2.4 Converting from or to Warfarin
- For CrCl ≥50 mL/min, start warfarin 3 days before discontinuing PRADAXA.
- For CrCl 30-50 mL/min, start warfarin 2 days before discontinuing PRADAXA.
- For CrCl 15-30 mL/min, start warfarin 1 day before discontinuing PRADAXA.
- For CrCl <15 mL/min, no recommendations can be made.
Because PRADAXA can increase INR, the INR will better reflect warfarin’s effect only after PRADAXA has been stopped for at least 2 days [see Clinical Pharmacology (12.2)].

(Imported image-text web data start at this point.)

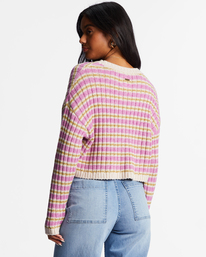 billabong, In A Daze - Pullover confortable pour Femme, BRIGHT ORCHID (php0) In A Daze - Cosy Jumper for Women ABJSW00228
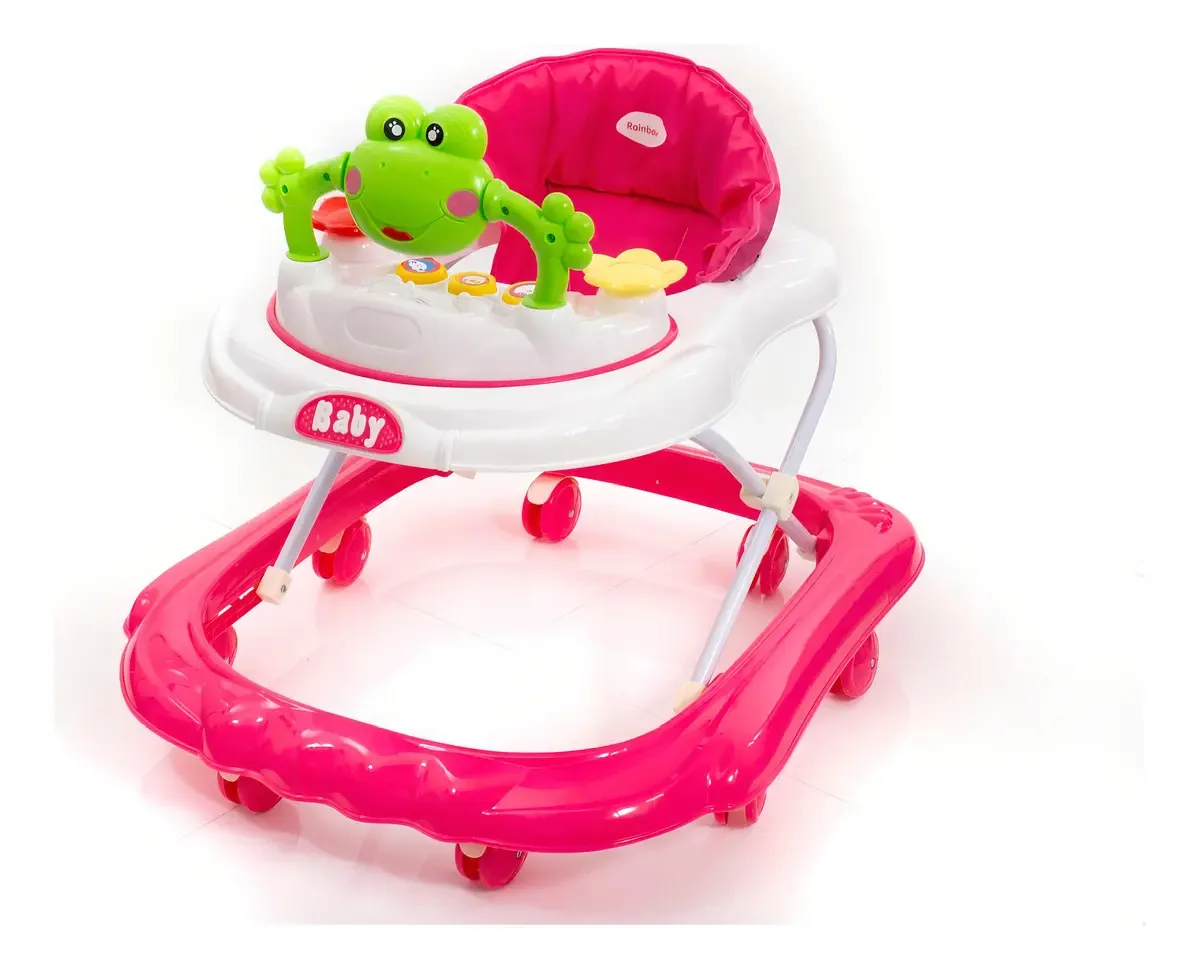 Sapo Rainbow Baby Walker verde rosa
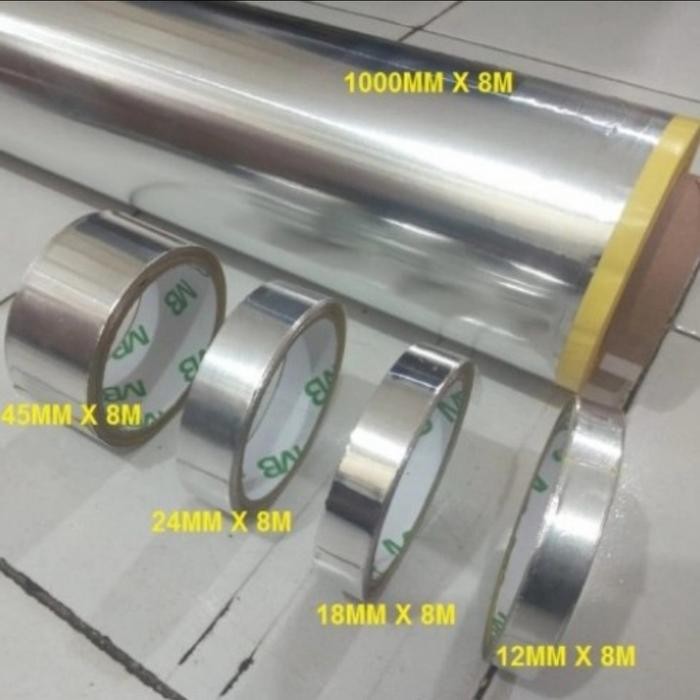 

Lakban Aluminium Foil Tape Tahan Panas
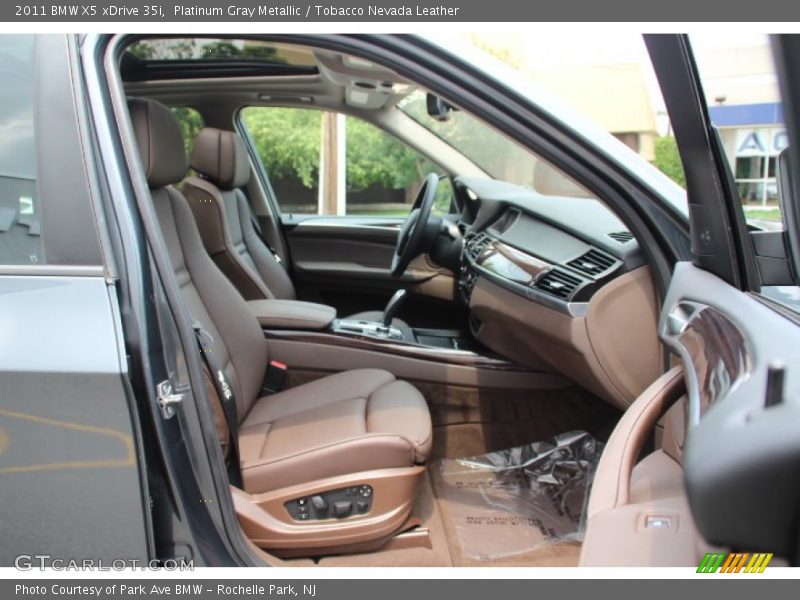 Platinum Gray Metallic / Tobacco Nevada Leather 2011 BMW X5 xDrive 35i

2.5 Converting from or to Parenteral Anticoagulants
For patients currently receiving a parenteral anticoagulant, start PRADAXA 0 to 2 hours before the time that the next dose of the parenteral drug was to have been administered or at the time of discontinuation of a continuously administered parenteral drug (e.g., intravenous unfractionated heparin).
For patients currently taking PRADAXA, wait 12 hours (CrCl ≥30 mL/min) or 24 hours (CrCl <30 mL/min) after the last dose of PRADAXA before initiating treatment with a parenteral anticoagulant [see Clinical Pharmacology (12.3)].
2.6 Surgery and Interventions
If possible, discontinue PRADAXA 1 to 2 days (CrCl ≥50 mL/min) or 3 to 5 days (CrCl <50 mL/min) before invasive or surgical procedures because of the increased risk of bleeding. Consider longer times for patients undergoing major surgery, spinal puncture, or placement of a spinal or epidural catheter or port, in whom complete hemostasis may be required [see Use in Specific Populations (8.6) and Clinical Pharmacology (12.3)].
If surgery cannot be delayed, there is an increased risk of bleeding [see Warnings and Precautions (5.2)]. This risk of bleeding should be weighed against the urgency of intervention [see Warnings and Precautions (5.1)].